But option 4 is also the worst option from a technical standpoint, for the same reason given in the FAQ for why duplicate fields are permitted in the first place.

It rules out both the high-performance approach of doing a skip-search scan across field names in the binary encoding, as well as the developer-friendly approach of just deserializing all of the fields into a clobbering hash table and then looking up the required names.

Prohibiting duplicate field names in symbol tables does not suffer from the O(N) space problem described in the linked FAQ because there is a known, fixed number of system fields that need to be checked. We don't need to specify that all field names in symbol tables must be unique (i.e. even open content), just symbols and imports (and, within import descriptor structs, name, version, and max_id).

For the same reason, it doesn't affect skip-scanning over open content; in structs, the field name symbol always precedes the value, so the value can be skipped without parsing once the field name is determined to not match one of the system fields. This field name check would need to be done regardless of which option from above is chosen.

As you state, it may prevent you from being able to read the struct into a map whose implementation you don't control, but it's not clear to me that that's something that would actually be desirable to do.

People should not construct weird system Structs, and if they do, they might get weird behavior.

Following rule (b) stated above, prohibiting duplicate field names on read also implies that they should be prohibited on write. So by going with Option 4, we will help users avoid getting in this situation that can be a large headache once data is already serialized. I think we can give implementations freedom about how to handle this case on write, as long as no implementation writes a symbol table with repeated system fields in the same struct.

For example, an writer may fail, or it may intercept the symbol table being written and combine repeated fields in memory in a well-defined way before writing out a valid symbol table that does not violate the rules stated above.


Let me know if anything is unclear. I'm happy to continue the discussion.

tgregg avatar Mar 04 '20 22:03 tgregg

We will need to opt for a solution like your option 4 above. In other words, we must prohibit repeated field names for system fields in system structs, and we can probably address all cases with a single statement at the top of the Symbols page of the spec.

I agree that this would be sufficient. Moreover I think the prohibition has to be restricted to system fields, else the change would be backwards-incompatible, as the spec currently says that non-system fields should be ignored.

a) Ion data must be equivalent when read by any Ion implementation. If this cannot be guaranteed, parsing should fail as early as possible.

This seems reasonable. As a corollary, I think this means that parsers can't have any limitations that can't be detected by the parser at runtime.

b) An Ion writer must not allow the user to write date that violates (a)

It's not clear to me what this means. If this this intended to mean that an Ion writer should never write output that is not Ion, that seems like it goes without saying.

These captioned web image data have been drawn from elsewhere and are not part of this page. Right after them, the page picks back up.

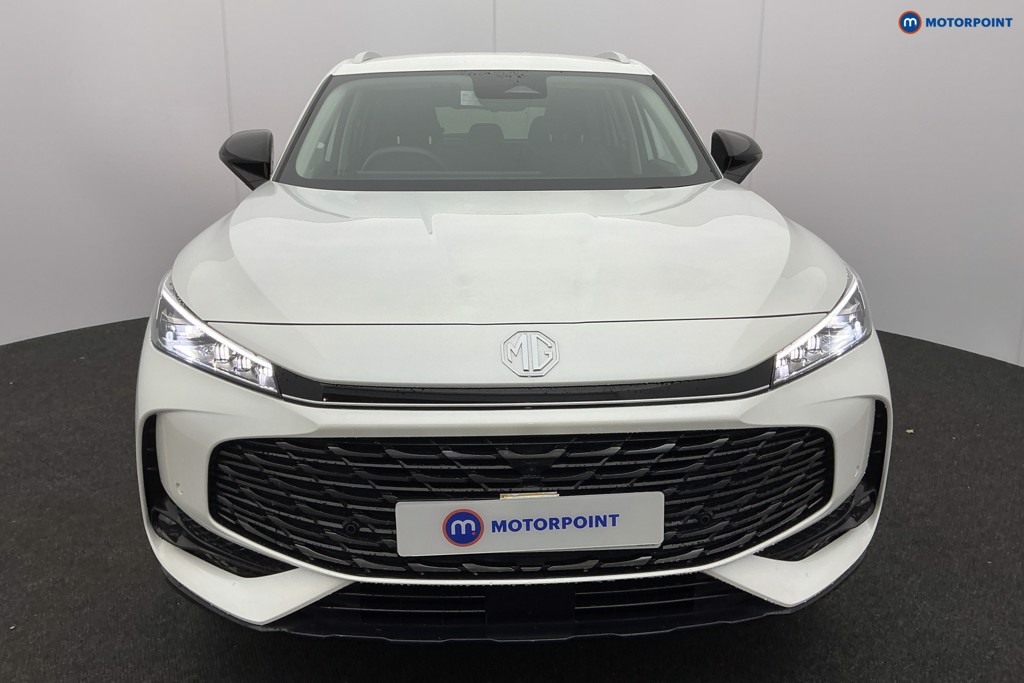 Used MG MG HS 2024 for sale - 77168333: Photo 39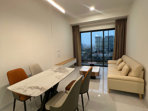 Victoria Village: Cho Thuê Căn Hộ 2PN Full Nội Thất, View Đẹp - Ảnh 11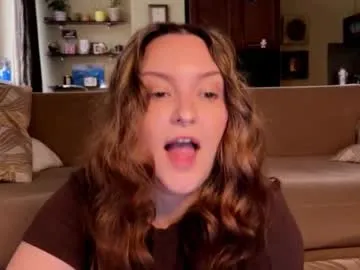 wievin from Chaturbate is Freechat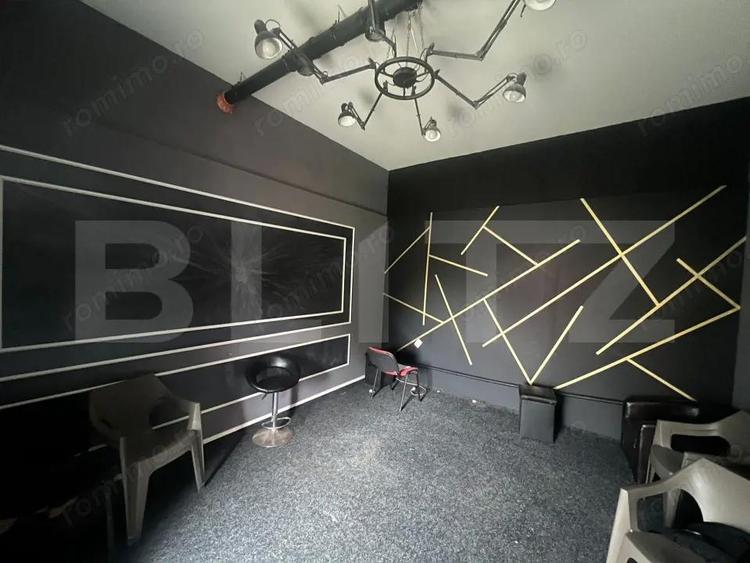 Casa, Breasta, 192mp, teren 1021mp - 2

Alternatively this could mean that there exists valid Ion that when read by a correct Ion parser has multiple valid results. I don't think any such valid Ion exists (though option 1 proposes that it could). Regardless, I think this is a good principle. Even if ambiguous Ion does exist, Ion writers should not write it if there is a non-ambiguous alternative.

For the same reason, it doesn't affect skip-scanning over open content; in structs, the field name symbol always precedes the value, so the value can be skipped without parsing once the field name is determined to not match one of the system fields. This field name check would need to be done regardless of which option from above is chosen.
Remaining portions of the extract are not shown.